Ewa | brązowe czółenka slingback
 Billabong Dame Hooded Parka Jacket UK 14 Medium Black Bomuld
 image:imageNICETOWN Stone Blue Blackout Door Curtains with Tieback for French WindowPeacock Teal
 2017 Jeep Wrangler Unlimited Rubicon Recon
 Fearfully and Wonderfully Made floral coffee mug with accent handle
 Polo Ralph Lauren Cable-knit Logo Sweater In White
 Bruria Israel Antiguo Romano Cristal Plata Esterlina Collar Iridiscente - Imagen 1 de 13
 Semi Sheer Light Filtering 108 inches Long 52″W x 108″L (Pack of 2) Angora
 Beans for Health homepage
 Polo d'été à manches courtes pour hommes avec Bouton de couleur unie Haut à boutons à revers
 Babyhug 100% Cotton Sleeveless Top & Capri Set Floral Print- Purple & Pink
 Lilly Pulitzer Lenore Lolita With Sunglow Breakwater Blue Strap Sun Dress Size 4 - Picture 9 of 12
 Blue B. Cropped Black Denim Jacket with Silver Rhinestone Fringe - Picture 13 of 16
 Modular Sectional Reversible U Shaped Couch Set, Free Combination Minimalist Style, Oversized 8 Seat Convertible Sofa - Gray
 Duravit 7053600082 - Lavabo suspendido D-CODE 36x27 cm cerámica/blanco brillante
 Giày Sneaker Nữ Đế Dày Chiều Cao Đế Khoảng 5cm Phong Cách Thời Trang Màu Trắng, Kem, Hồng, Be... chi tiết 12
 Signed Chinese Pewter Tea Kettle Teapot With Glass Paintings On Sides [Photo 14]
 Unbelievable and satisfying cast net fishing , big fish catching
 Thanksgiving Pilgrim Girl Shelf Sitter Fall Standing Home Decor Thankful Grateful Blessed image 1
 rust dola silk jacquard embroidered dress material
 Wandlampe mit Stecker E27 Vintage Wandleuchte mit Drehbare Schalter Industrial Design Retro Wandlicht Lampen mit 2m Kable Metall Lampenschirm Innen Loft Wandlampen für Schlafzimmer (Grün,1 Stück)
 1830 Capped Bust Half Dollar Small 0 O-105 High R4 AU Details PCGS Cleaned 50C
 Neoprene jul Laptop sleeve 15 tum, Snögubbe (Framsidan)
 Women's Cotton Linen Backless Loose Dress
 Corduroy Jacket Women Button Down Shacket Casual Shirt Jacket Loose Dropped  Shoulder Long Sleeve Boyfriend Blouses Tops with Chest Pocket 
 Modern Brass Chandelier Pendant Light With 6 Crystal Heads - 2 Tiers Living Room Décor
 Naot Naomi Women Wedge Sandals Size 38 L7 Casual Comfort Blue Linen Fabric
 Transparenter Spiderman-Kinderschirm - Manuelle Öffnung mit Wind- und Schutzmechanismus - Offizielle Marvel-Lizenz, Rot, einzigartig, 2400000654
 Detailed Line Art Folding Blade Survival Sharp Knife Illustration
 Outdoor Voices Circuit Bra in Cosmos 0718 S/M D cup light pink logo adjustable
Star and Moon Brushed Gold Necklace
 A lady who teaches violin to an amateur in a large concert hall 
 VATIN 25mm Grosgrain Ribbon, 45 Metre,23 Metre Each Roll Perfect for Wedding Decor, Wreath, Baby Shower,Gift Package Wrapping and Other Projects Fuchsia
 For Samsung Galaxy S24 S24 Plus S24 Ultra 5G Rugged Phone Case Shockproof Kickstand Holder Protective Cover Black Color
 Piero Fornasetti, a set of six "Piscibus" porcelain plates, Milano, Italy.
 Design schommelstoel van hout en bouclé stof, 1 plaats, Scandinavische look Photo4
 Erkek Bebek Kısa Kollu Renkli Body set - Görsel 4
--------------------------------
--- Requirement ---
From the material above, retype precisely the lines between the line holding "Bruria Israel Antiguo" and the line holding "Babyhug 100% Cotton", inclusive, and nothing beyond them.

--- Answer area ---
 Bruria Israel Antiguo Romano Cristal Plata Esterlina Collar Iridiscente - Imagen 1 de 13
 Semi Sheer Light Filtering 108 inches Long 52″W x 108″L (Pack of 2) Angora
 Beans for Health homepage
 Polo d'été à manches courtes pour hommes avec Bouton de couleur unie Haut à boutons à revers
 Babyhug 100% Cotton Sleeveless Top & Capri Set Floral Print- Purple & Pink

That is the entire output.